— MATERIAL SHOWN —
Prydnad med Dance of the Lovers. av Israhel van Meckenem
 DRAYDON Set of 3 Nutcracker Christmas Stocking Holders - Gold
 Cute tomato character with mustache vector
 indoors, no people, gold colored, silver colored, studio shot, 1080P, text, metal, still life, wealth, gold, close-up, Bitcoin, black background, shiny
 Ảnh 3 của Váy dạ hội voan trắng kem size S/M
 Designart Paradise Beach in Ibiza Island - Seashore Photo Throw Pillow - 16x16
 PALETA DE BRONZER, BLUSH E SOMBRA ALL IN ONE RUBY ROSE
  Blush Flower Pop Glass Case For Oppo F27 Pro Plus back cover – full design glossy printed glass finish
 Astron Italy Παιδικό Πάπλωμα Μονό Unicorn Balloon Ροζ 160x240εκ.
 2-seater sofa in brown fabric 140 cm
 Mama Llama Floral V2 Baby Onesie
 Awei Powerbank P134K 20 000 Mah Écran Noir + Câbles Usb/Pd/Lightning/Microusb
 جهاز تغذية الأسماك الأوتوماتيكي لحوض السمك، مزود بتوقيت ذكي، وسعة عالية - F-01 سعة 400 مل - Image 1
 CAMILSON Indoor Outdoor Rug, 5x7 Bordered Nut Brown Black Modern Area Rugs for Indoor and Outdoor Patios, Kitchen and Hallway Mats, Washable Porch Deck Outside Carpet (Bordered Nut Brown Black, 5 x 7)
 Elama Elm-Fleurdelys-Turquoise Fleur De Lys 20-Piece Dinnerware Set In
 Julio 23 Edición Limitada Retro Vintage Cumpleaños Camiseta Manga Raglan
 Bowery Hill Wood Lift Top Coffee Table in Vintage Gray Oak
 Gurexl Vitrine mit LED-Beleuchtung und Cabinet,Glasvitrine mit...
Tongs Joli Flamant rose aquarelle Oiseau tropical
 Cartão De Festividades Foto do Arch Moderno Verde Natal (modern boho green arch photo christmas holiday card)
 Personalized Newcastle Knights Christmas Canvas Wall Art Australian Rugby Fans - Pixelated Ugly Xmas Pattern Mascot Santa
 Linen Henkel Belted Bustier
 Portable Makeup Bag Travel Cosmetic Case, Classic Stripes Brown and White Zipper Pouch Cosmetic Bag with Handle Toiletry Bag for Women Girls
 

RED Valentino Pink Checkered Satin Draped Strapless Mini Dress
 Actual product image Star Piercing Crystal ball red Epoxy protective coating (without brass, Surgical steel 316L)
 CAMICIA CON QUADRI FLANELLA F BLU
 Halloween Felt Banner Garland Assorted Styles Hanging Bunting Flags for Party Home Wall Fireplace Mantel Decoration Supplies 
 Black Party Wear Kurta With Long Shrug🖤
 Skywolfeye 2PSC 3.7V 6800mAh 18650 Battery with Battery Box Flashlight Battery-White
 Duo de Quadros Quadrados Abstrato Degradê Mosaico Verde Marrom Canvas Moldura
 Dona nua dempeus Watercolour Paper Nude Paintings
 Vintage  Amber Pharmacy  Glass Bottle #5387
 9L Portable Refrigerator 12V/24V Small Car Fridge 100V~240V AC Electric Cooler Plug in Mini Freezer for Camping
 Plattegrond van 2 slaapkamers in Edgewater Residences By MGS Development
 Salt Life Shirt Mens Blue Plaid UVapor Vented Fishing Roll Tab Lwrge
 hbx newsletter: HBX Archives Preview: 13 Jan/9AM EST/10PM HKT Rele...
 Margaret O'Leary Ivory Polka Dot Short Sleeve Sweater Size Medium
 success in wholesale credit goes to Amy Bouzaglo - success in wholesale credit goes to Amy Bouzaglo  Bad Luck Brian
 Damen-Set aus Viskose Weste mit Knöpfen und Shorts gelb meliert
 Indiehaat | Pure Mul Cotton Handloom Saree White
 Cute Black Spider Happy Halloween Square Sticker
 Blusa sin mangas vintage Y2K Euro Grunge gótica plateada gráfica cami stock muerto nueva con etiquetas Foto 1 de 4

— THE TASK —
Repeat, without changes, every line from the one that contains "RED Valentino Pink" through the final line of the data.

— RESULT FOR THIS TASK —
RED Valentino Pink Checkered Satin Draped Strapless Mini Dress
 Actual product image Star Piercing Crystal ball red Epoxy protective coating (without brass, Surgical steel 316L)
 CAMICIA CON QUADRI FLANELLA F BLU
 Halloween Felt Banner Garland Assorted Styles Hanging Bunting Flags for Party Home Wall Fireplace Mantel Decoration Supplies 
 Black Party Wear Kurta With Long Shrug🖤
 Skywolfeye 2PSC 3.7V 6800mAh 18650 Battery with Battery Box Flashlight Battery-White
 Duo de Quadros Quadrados Abstrato Degradê Mosaico Verde Marrom Canvas Moldura
 Dona nua dempeus Watercolour Paper Nude Paintings
 Vintage  Amber Pharmacy  Glass Bottle #5387
 9L Portable Refrigerator 12V/24V Small Car Fridge 100V~240V AC Electric Cooler Plug in Mini Freezer for Camping
 Plattegrond van 2 slaapkamers in Edgewater Residences By MGS Development
 Salt Life Shirt Mens Blue Plaid UVapor Vented Fishing Roll Tab Lwrge
 hbx newsletter: HBX Archives Preview: 13 Jan/9AM EST/10PM HKT Rele...
 Margaret O'Leary Ivory Polka Dot Short Sleeve Sweater Size Medium
 success in wholesale credit goes to Amy Bouzaglo - success in wholesale credit goes to Amy Bouzaglo  Bad Luck Brian
 Damen-Set aus Viskose Weste mit Knöpfen und Shorts gelb meliert
 Indiehaat | Pure Mul Cotton Handloom Saree White
 Cute Black Spider Happy Halloween Square Sticker
 Blusa sin mangas vintage Y2K Euro Grunge gótica plateada gráfica cami stock muerto nueva con etiquetas Foto 1 de 4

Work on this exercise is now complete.